Il gioco colpisce immediatamente per la direzione artistica assolutamente sopra le righe. Colori accesi, animazioni eccelse, quasi paragonabili a quelle di un film d’animazione e musiche che richiamano nelle atmosfere quelle di Joe Hisaishi, che da anni impreziosiscono i lungometraggi dello Studio Ghibli. Spiritfarer rilassa la vista e l’udito calandoci in un paesaggio sospeso e senza tempo, dominato da un mare a volte calmo, a volte in tempesta, punteggiato da piccole isole in cui le anime dei defunti attendono qualcosa senza sapere nemmeno loro bene cosa, ripetendo i gesti che li contraddistinguevano quando erano in vita. Il compito di Stella è quello di riconoscere le anime pronte a passare oltre e di farle imbarcare sul suo traghetto. Una volta a bordo dovrà rendere questa transizione verso l’aldilà il più piacevole possibile.
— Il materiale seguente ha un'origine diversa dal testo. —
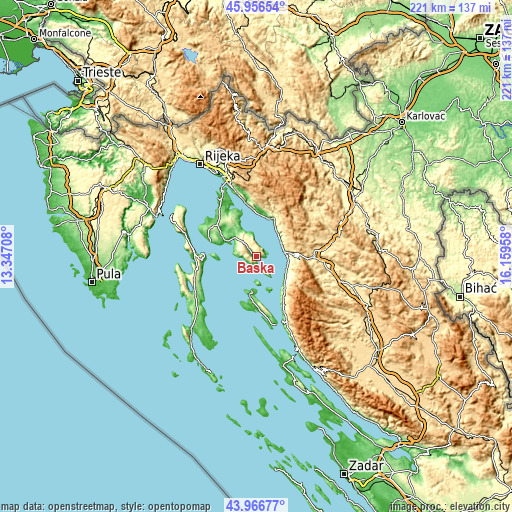 Topographic map of Baška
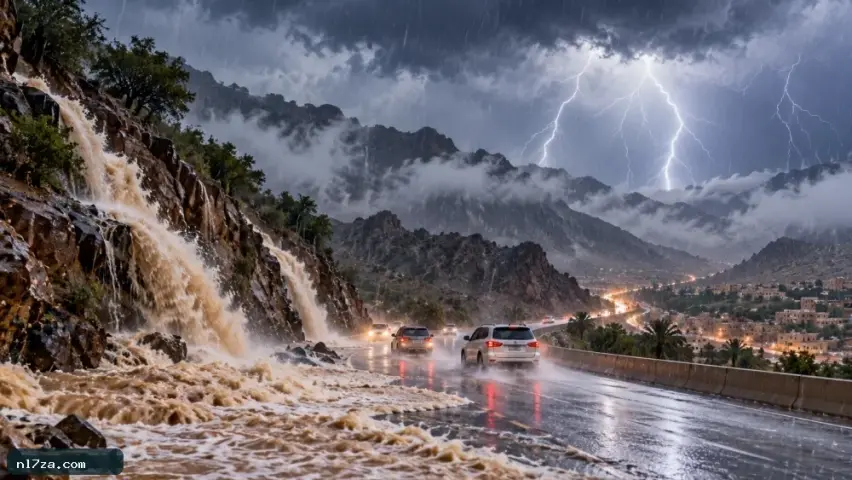 الأرصاد تتوقع أمطار غزيرة وسيول وبرد على أربع مناطق
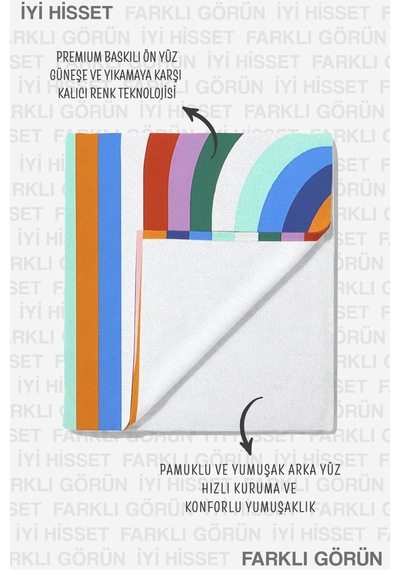 Renkli Geometrik Çizgili Modern Plaj Havlusu - Retro Bohem Çok Renkli Hızlı Kuruyan Mikrofiber Havlu Serin Yosun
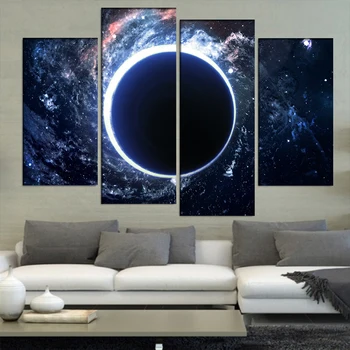 

Canvas Painting Cuadros Home Decor Art Printed 4 Panels Black Hole Landscape Modern Frames For Paintings Modular Pictures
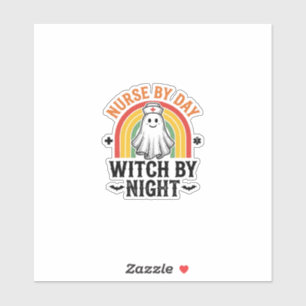 Nurse By Day Witch By Night Vintage Ghost Design_1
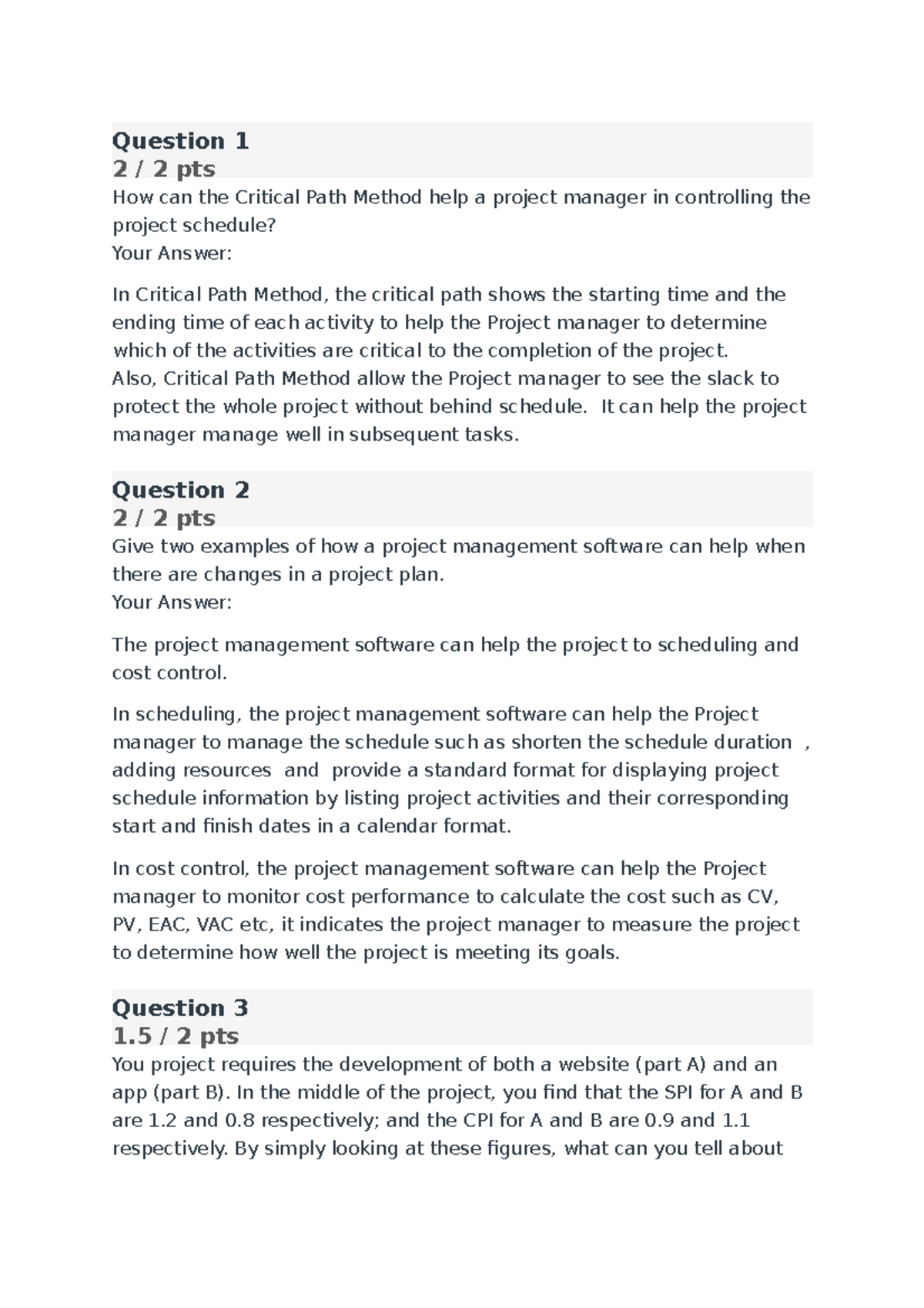 IS4532 Midterm Exam Notes on Project Management Techniques - Studocu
Emerge proprio in questo frangente la componente gestionale di Spiritfarer. Ogni ospite avrà infatti le proprie caratteristiche, gusti ed esigenze e dopo pochi minuti ci si ritroverà a correre da una parte all’altra della barca giostrandosi tra l’esigenza di un caffè di Gwen e l’improrogabile necessità di zio Atul di continuare le sue attività di falegnameria anche ora che è passato a miglior vita. Stella potrà infatti costruire diverse strutture per soddisfare le esigenze degli ospiti. Queste potranno essere migliorate così da essere più efficienti e migliorare l’economia di questa piccola società galleggiante. Il giocatore sarà ben presto sommerso di richieste e missioni assegnategli da parte degli spiriti. Le attività da completare sono piuttosto varie e ben realizzate: si va dal tagliare la legna, alla pesca, al catturare fulmini nelle bottiglie. Stella avrà a disposizione una mappa per poter navigare tra le isole e i viaggi potranno anche essere interrotti da eventi casuali come temporali o mercanti. Con tutte queste cose da fare quasi ci si dimentica del tema principale del gioco: la morte.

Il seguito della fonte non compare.